# Rusting of shower drains



## Adame (Dec 27, 2017)

After years of my earning, I bought a pretty good house from a real estate broker 2 months back. It is a double-storeyed house with bath attached bedrooms. Although it is not that old house, there are certain issues with the bathrooms. A few of the issues I repaired. 

There was a leak in the toilet tank because of the refill tube going down into the overflow tube. So I held it above the top of the overflow tube by a clip which solved the issue.

Another problem was the rust in the shower drain. I wonder how easily the shower drains rust. Because of the rust, there was a foul smell coming out of it caused my child to vomit. Anyways I have to replace the shower drains. Being a plumber I had been to many plumbing drain services but till date, I haven't seen any shower drains that rusted for any house less than 2 years. What do you think can be the reason for the early rusting of shower drains?


----------



## MACPLUMB777 (Jun 18, 2008)

An intro is requested from all new members.

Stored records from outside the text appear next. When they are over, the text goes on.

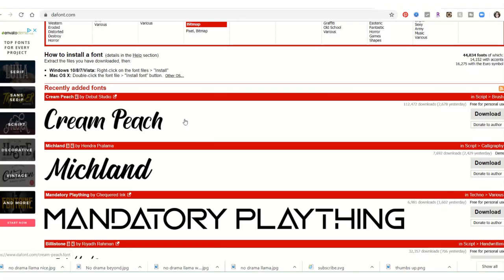Hey there guys, welcome! I'm here with some more Cricut tips and tricks. We've talked about Cricut charging for their fonts, and you can find them for free at many sites. One of the most popular sites is dafont.com.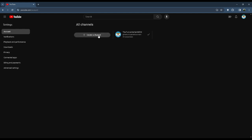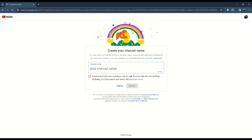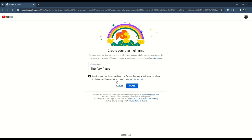Create a new channel and choose your channel options. Then click on the checkbox and click Create. It's pretty easy.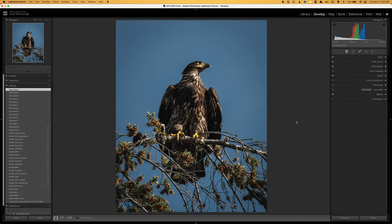This is the image that we're going to be working with today. It's one of those images where I really love how the subject looks, but the background is super boring and I want to add something a little bit more to it. Before we get into those changes, I do want to quickly go over everything that I've already done to this image, because it's slightly edited at this point, so you can get the whole picture. I'm going to reset everything and walk you through it quickly.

In case you missed it, here is the link. http://www.plumbingzone.com/f3/.

The PZ is for Plumbing Professionals ( those engaged in the plumbing profession)

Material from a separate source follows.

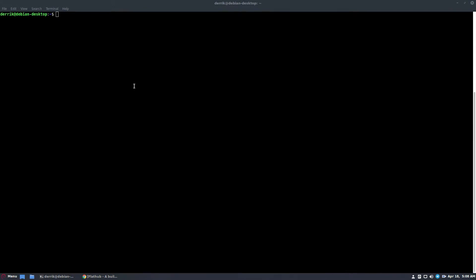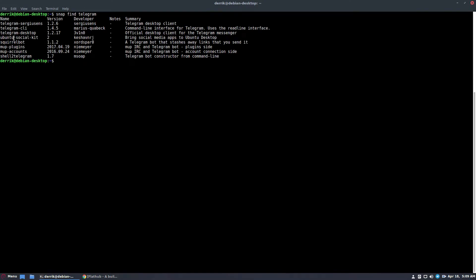Another way to install is with the Snap packages. To find the Telegram Snap, you're going to first need to do snap find telegram. This will list all of the different ones. What we want is Telegram Desktop, so I'm going to install it with: sudo snap install telegram-desktop.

Post an intro and tell our members where you are from, yrs in the trade, and your area(s) of expertise in the plumbing field.

This info helps members who are waiting to welcome you to the best plumbing site there is.

We look forward to your valuable input.


----------



## MACPLUMB777 (Jun 18, 2008)

The reason the drains are rusted is because someone used drain acid,
such as sulfuric acid or muritic acid


----------



## Designer Drains (Dec 28, 2017)

*material*

one of the biggest issues with rusty drains is that usually its because they are not made of stainless steel, or if you have screws in your cover they might not be made of stainless. if thats the case then that is the culprit. replacing the cover with something made of stainless steel would be a great option.


----------



## GAN (Jul 10, 2012)

Designer Drains said:


> one of the biggest issues with rusty drains is that usually its because they are not made of stainless steel, or if you have screws in your cover they might not be made of stainless. if thats the case then that is the culprit. replacing the cover with something made of stainless steel would be a great option.


Not a plumber, bye bye.


----------



## Adame (Dec 27, 2017)

MACPLUMB777 said:


> An intro is requested from all new members. In case you missed it, here is the link. http://www.plumbingzone.com/f3/.
> 
> The PZ is for Plumbing Professionals ( those engaged in the plumbing profession)
> 
> ...


Hi friend,
There is already a small intro about me in the introduction section. That is just a very short intro. If you would like to know more about me, i will surely do it!


----------



## Adame (Dec 27, 2017)

Designer Drains said:


> one of the biggest issues with rusty drains is that usually its because they are not made of stainless steel, or if you have screws in your cover they might not be made of stainless. if thats the case then that is the culprit. replacing the cover with something made of stainless steel would be a great option.


Yeah that's true I guess. After seeing this post, I just went and checked the shower drains. The drains are made of stainless steel but the screw is not. It could be the reason for the rust.


----------



## rwh (Dec 17, 2014)

You are not a plumber


----------